▶ _Try it_:
An exact reproduction of the data below is expected, free of images.

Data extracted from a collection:
##########

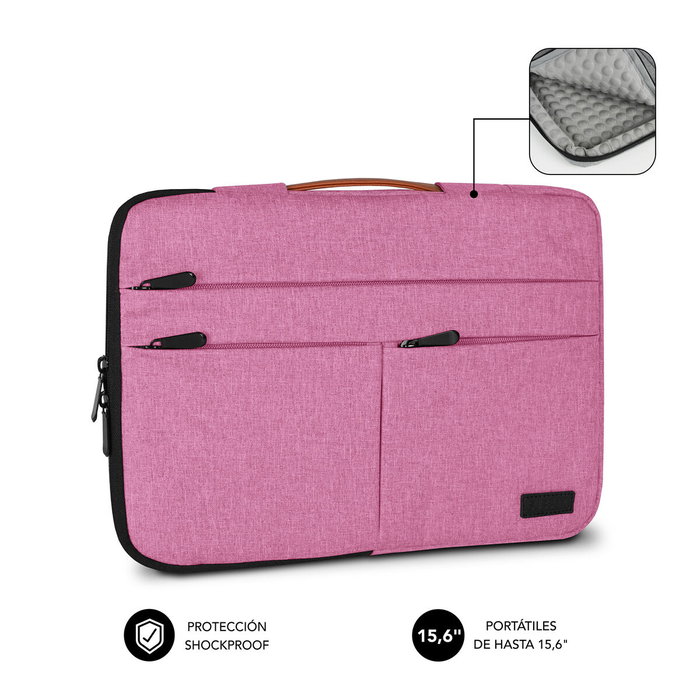 Subblim Funda Air Padding 360 Sleeve 15,6 pulgadas Rosa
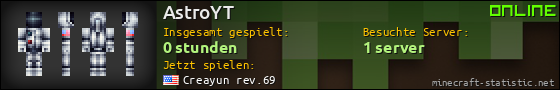 Benutzerleisten 560x90 für AstroYT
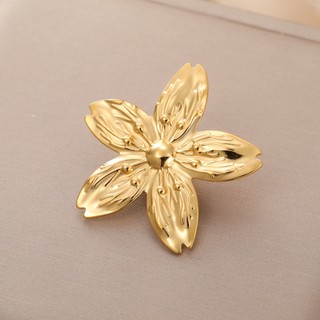 Trâm cài hoa anh đào duyên dáng 34x33mm từ thép không gỉ, chống thấm nước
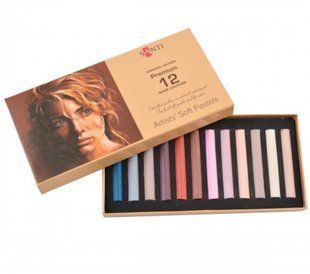 Пастель суха художня Nude colours 12 кольорів Santi 353274 фото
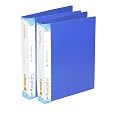 Shuban Plastic File Folder 2D Ring Clip Binder, A4 Size Heavy Plastic Tough &amp; Durable Board Box File - 2Pcs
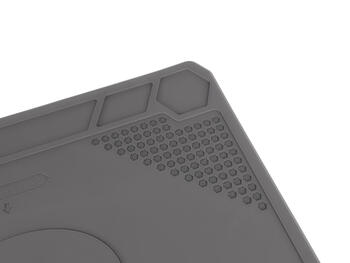Geko силиконовый коврик для пайки G73307, 350x220мм, 500°C, термостойкий, нескользящий, линейка 28см, магнитные отсеки (G73307)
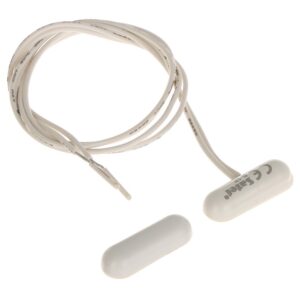 Contact magnetic lateral Satel B-1P, aparent, alb Contact magnetic lateral Satel B-1P, aparent, alb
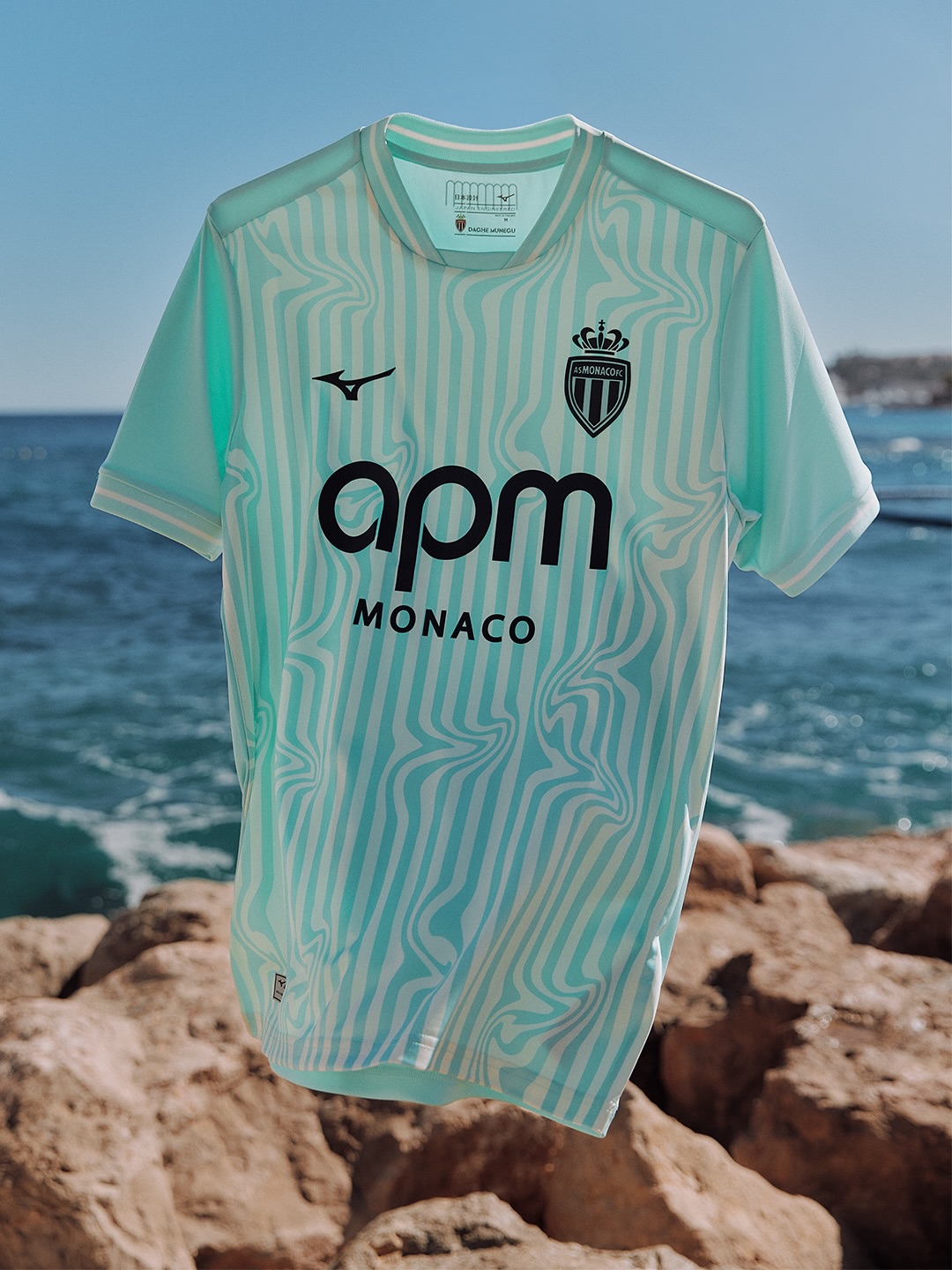maillot third as monaco 2026 2027 mizuno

##########

▶ _Exercise response_:
 Subblim Funda Air Padding 360 Sleeve 15,6 pulgadas Rosa
 Benutzerleisten 560x90 für AstroYT
 Trâm cài hoa anh đào duyên dáng 34x33mm từ thép không gỉ, chống thấm nước
 Пастель суха художня Nude colours 12 кольорів Santi 353274 фото
 Shuban Plastic File Folder 2D Ring Clip Binder, A4 Size Heavy Plastic Tough &amp; Durable Board Box File - 2Pcs
Geko силиконовый коврик для пайки G73307, 350x220мм, 500°C, термостойкий, нескользящий, линейка 28см, магнитные отсеки (G73307)
 Contact magnetic lateral Satel B-1P, aparent, alb Contact magnetic lateral Satel B-1P, aparent, alb
maillot third as monaco 2026 2027 mizuno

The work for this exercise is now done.